January 8, 2014

Amazing Amazon

So Amazon should be renamed Amazing, because they are.

They are the best online retailer--love 'em!

SELECTION: Amazon has everything. 

PRICE: Amazon is reasonably priced.

SPEED: Amazon Prime gets you your goodies delivered in under 48 hours. 

RETURNS: Amazon takes returns easily; virtually no questions asked. 

Amazon is so customer focused that you can even email Jeff Bezos, the founder and CEO himself, at Jeff@Amazon.com. 

Aside from their highly successful retail operation, they have the Kindle tablets, Amazon Web Services (AWS) for cloud computing, Kiva Robots for warehouse operations, and more. 

So what's the secret of their success?

One thing, according to the Wall Street Journal, is their tough hiring practices. 

Amazon has "several hundred" interviewers called "Bar Raisers" that give candidates extremely thorough interviews.

Bar Raisers typically have conducted "dozens or hundreds of interviews and gained a reputation for asking tough questions and identifying candidates who go on to become stars."

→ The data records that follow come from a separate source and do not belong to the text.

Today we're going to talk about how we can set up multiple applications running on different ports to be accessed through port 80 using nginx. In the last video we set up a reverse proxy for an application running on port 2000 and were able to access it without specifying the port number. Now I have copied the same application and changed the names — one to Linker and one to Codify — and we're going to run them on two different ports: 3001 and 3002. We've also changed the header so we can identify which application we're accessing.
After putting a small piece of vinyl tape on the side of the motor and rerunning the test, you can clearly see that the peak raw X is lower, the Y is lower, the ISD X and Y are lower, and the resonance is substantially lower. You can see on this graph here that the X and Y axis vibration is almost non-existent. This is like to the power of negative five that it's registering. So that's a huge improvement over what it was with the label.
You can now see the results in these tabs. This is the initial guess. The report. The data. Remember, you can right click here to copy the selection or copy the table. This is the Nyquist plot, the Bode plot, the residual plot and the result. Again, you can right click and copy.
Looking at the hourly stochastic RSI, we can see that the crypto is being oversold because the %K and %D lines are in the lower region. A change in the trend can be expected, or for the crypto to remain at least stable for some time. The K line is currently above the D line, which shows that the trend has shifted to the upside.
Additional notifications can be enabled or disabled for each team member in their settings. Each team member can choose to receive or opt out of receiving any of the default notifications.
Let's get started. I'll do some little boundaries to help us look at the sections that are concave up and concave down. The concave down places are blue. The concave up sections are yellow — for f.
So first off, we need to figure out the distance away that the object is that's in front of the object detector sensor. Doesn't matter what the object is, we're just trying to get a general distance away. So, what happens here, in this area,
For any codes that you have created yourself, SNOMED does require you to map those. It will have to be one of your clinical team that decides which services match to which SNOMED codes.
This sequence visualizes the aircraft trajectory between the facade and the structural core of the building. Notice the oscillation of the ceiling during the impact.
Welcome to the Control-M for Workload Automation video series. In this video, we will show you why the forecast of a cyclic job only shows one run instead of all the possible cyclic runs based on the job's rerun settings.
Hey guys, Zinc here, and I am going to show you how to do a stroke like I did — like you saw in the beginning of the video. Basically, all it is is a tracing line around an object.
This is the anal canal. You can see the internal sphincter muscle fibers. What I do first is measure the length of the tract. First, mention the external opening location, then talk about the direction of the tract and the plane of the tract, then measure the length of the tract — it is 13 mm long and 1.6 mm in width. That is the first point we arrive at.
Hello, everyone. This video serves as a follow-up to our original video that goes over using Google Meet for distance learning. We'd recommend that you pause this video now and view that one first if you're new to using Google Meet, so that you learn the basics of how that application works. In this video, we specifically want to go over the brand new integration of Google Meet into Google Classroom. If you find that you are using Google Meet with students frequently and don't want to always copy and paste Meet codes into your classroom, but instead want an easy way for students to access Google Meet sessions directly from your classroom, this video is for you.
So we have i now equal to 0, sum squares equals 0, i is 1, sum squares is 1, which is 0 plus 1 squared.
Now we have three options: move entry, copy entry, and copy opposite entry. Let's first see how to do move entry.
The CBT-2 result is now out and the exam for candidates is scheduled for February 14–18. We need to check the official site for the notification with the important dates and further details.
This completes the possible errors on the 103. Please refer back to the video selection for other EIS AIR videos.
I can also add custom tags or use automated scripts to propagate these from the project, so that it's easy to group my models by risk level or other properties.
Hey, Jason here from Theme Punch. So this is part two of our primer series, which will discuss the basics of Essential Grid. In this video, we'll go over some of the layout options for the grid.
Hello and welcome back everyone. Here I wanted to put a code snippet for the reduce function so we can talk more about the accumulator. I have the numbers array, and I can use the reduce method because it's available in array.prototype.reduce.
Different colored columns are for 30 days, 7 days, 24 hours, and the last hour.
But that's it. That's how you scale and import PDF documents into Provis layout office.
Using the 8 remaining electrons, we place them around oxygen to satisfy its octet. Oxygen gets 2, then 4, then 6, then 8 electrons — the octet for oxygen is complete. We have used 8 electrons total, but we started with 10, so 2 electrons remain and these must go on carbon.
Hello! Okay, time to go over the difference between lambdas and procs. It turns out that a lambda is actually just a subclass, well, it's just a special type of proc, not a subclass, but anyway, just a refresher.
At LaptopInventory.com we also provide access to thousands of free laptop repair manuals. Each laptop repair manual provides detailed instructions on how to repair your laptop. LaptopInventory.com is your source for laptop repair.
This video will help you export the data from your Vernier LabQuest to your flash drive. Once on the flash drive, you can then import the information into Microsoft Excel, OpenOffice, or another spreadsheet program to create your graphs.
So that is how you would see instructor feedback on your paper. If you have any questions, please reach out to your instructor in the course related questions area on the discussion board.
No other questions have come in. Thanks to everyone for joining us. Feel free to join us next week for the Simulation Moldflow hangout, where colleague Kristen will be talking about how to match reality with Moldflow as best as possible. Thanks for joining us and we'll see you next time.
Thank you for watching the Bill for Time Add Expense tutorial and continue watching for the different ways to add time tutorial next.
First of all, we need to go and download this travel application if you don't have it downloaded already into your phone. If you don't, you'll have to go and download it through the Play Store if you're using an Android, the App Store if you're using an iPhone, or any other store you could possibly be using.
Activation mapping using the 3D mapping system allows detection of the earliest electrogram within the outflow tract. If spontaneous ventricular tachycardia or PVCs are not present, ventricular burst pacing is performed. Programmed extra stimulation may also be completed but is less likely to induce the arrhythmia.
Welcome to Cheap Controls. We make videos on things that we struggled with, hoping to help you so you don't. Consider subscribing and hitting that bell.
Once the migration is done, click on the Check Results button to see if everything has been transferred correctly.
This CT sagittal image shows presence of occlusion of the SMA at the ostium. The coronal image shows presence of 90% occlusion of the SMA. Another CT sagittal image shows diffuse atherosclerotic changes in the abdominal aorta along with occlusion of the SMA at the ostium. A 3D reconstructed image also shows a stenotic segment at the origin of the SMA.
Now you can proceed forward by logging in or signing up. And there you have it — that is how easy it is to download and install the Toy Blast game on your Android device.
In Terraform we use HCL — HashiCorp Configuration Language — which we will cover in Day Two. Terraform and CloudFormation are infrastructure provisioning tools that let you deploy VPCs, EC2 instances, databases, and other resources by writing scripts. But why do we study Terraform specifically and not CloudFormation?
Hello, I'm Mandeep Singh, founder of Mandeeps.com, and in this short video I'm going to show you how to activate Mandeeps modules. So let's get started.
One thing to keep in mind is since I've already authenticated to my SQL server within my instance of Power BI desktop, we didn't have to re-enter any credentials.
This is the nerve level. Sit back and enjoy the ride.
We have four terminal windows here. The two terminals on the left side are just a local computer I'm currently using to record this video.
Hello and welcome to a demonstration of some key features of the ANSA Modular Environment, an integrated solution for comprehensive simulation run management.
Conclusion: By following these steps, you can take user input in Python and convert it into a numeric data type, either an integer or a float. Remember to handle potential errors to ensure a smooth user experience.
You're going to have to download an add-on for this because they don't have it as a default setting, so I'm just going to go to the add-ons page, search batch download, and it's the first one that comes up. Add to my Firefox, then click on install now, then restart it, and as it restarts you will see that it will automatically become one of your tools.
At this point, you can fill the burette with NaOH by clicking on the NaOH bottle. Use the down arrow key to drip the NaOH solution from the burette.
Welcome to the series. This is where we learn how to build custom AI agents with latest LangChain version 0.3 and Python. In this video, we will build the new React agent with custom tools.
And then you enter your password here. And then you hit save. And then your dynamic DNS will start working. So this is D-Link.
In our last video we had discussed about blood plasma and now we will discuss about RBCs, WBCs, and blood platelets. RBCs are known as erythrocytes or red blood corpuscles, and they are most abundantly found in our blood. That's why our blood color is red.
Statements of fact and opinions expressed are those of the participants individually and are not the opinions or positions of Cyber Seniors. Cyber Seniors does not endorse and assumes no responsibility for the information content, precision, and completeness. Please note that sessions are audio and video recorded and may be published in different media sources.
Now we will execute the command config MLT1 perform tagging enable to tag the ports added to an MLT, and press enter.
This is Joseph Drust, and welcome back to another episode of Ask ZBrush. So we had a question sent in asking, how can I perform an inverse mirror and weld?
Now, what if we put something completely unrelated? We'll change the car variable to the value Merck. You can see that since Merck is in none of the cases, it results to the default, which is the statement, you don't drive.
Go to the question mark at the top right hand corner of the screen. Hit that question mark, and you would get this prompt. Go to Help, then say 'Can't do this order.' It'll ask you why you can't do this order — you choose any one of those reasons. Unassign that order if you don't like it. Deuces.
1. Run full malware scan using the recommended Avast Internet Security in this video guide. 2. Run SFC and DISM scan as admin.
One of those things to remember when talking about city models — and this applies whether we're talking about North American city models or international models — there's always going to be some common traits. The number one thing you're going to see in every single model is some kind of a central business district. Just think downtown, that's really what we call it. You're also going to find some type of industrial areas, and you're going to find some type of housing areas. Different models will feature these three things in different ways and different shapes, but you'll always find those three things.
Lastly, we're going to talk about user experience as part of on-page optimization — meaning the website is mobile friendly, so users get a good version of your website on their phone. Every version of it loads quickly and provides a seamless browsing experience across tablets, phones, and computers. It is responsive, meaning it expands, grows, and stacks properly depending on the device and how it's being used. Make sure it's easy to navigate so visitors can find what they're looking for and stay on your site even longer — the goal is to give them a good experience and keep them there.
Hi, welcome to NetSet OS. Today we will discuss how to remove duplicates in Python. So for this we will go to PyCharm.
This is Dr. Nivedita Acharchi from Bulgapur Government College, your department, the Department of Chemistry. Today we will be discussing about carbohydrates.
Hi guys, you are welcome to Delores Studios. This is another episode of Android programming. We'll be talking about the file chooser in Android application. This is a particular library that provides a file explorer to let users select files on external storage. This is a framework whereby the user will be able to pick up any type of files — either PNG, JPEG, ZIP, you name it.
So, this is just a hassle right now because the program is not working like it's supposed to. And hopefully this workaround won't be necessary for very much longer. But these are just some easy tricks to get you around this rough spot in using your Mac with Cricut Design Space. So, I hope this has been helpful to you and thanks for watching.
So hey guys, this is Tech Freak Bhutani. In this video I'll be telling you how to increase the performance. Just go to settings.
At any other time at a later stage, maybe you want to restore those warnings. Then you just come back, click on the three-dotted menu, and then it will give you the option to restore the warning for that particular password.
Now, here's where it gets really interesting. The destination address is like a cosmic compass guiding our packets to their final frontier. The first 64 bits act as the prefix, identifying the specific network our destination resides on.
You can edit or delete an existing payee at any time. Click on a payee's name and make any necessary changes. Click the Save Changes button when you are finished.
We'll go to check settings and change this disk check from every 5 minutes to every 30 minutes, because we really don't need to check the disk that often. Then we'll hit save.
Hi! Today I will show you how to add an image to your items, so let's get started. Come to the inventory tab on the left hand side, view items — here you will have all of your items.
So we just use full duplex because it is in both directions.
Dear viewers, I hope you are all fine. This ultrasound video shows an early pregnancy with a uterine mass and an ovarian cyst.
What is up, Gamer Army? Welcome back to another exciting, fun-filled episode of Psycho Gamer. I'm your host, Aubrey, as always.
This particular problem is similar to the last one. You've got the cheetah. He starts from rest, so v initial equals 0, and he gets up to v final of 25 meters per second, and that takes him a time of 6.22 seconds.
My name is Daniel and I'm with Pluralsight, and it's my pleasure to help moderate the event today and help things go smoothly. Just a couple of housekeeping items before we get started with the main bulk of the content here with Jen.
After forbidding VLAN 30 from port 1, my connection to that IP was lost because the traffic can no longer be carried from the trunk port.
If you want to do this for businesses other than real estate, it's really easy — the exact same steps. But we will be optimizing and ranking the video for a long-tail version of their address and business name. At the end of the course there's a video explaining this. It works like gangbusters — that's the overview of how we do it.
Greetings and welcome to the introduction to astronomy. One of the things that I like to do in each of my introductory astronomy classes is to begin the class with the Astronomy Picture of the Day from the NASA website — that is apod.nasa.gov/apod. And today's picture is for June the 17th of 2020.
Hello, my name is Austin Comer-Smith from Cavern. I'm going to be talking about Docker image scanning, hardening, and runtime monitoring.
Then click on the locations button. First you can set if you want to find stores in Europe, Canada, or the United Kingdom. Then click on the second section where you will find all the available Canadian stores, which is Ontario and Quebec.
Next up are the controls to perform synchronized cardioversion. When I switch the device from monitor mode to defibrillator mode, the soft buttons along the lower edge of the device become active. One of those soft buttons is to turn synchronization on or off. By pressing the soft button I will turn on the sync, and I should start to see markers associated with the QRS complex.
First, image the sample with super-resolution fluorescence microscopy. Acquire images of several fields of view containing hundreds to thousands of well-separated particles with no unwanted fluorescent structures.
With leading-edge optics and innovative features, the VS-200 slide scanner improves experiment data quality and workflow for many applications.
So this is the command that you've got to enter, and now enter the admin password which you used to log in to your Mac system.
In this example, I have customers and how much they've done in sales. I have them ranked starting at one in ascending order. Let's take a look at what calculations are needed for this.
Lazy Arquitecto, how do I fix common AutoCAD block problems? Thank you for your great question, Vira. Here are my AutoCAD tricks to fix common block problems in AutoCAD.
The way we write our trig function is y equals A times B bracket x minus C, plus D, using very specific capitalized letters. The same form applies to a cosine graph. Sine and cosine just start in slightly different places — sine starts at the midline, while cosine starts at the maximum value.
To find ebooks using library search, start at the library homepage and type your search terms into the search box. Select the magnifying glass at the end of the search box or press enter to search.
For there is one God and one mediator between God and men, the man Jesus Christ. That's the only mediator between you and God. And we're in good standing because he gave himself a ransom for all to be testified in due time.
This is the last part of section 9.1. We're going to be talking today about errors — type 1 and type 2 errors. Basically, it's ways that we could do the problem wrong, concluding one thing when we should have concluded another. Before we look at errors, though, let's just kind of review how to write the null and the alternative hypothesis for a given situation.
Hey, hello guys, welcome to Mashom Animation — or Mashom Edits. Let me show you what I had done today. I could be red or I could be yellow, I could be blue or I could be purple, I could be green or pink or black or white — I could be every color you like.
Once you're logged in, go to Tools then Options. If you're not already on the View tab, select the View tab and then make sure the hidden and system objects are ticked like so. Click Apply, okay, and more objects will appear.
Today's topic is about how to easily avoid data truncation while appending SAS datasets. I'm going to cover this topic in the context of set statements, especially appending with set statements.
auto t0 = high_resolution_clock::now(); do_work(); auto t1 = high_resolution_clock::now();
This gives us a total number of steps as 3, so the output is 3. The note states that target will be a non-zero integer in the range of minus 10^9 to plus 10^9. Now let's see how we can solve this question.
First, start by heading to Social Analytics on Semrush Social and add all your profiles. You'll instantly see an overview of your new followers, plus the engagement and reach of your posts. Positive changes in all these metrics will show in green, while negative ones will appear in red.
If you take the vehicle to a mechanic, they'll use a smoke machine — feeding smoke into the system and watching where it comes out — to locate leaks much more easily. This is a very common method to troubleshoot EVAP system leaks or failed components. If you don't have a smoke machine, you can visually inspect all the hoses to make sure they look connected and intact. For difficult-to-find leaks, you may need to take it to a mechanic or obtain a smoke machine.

Typically, it "takes five or six employees at least two hours each" to evaluate and vet an applicant. 

Amazon makes all this effort in recruiting to weed out people who are the wrong fit for the company. 

They believe that it's better to invest in a sophisticated recruiting process than to make costly hiring mistakes. 

While this certainly sounds like a well thought out and vigorous hiring process, the article makes little to no mention of performance measures showing that their hires really are better matches, have superior performance, or stay with the company longer. 

The one anecdote given was of a Bar Raiser who found a candidate for a programming job that "didn't know much about the specific programming language."

Barring some real statistics though, either you could conclude that Amazon's hiring process is truly superior or perhaps question why it takes them 5 to 6 interviews to do what other successful companies do in 1 or 2.